*RECORD EXCERPTS*:
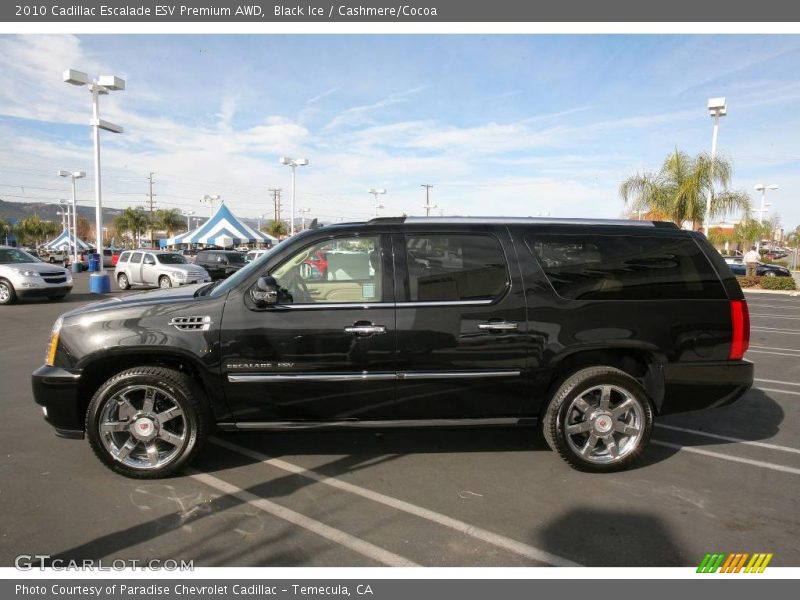 Black Ice / Cashmere/Cocoa 2010 Cadillac Escalade ESV Premium AWD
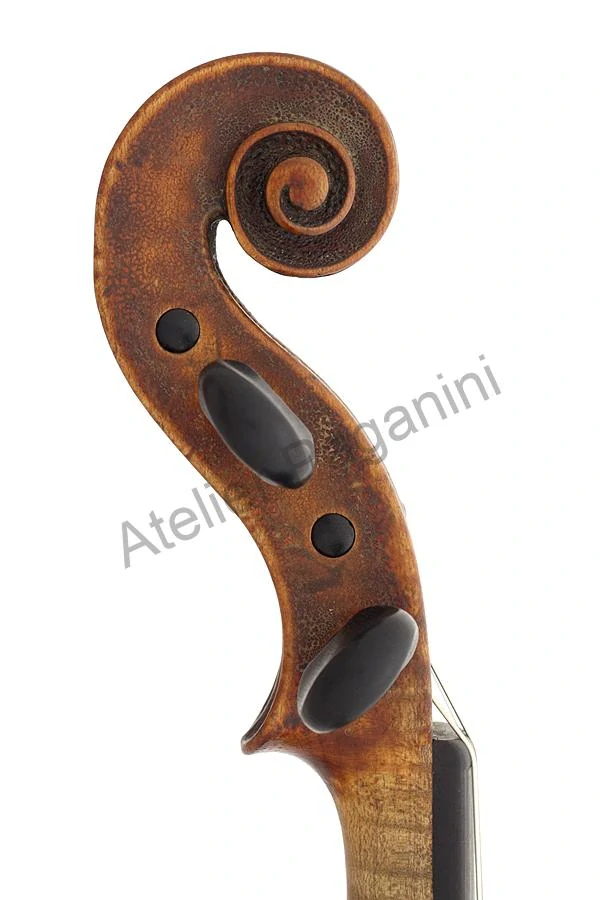 Emanuel Adam HOMOLKA 1835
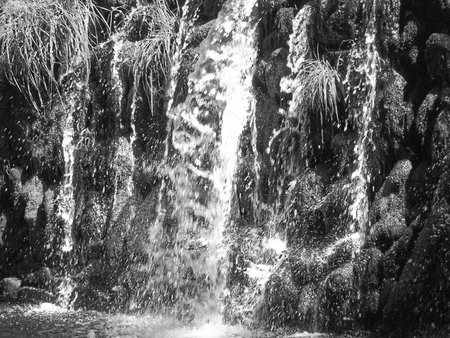 Nature: black and white photo aspect, beautiful detailの写真素材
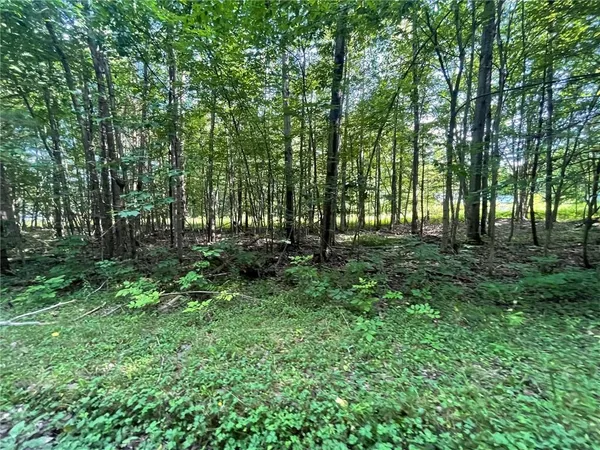 a view of park with trees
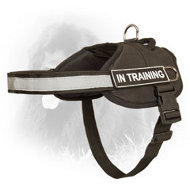 Professional Nylon Newfoundland Harness for Different Activities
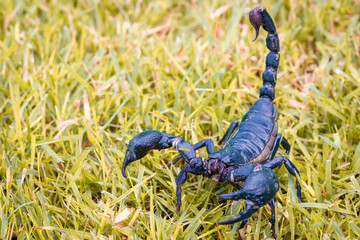 Scorpions on the grass blur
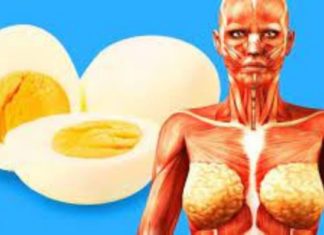 გაიგეთ რა ემართება თქვენს ორგანიზმს, როცა დღეში 2-3 კვერცხს მიირთმევთ! –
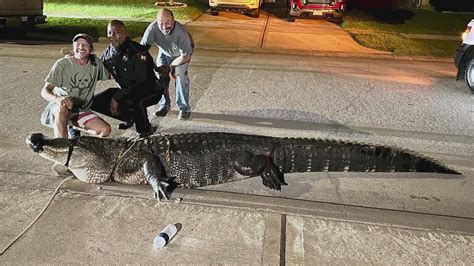 Record-breaking 14-foot-long Alligator That Weighs More, 45% OFF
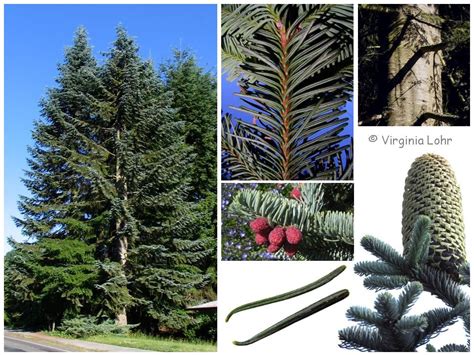 Noble Fir Abies Procera Native To The Western N America These Trees Attains The Largest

*EXERCISE OBJECTIVE*: Here the job is to repeat the entries verbatim while leaving all pictures out.

*FINISHED TASK*:
 Black Ice / Cashmere/Cocoa 2010 Cadillac Escalade ESV Premium AWD
 Emanuel Adam HOMOLKA 1835
 Nature: black and white photo aspect, beautiful detailの写真素材
 a view of park with trees
 Professional Nylon Newfoundland Harness for Different Activities
 Scorpions on the grass blur
 გაიგეთ რა ემართება თქვენს ორგანიზმს, როცა დღეში 2-3 კვერცხს მიირთმევთ! –
 Record-breaking 14-foot-long Alligator That Weighs More, 45% OFF
 Noble Fir Abies Procera Native To The Western N America These Trees Attains The Largest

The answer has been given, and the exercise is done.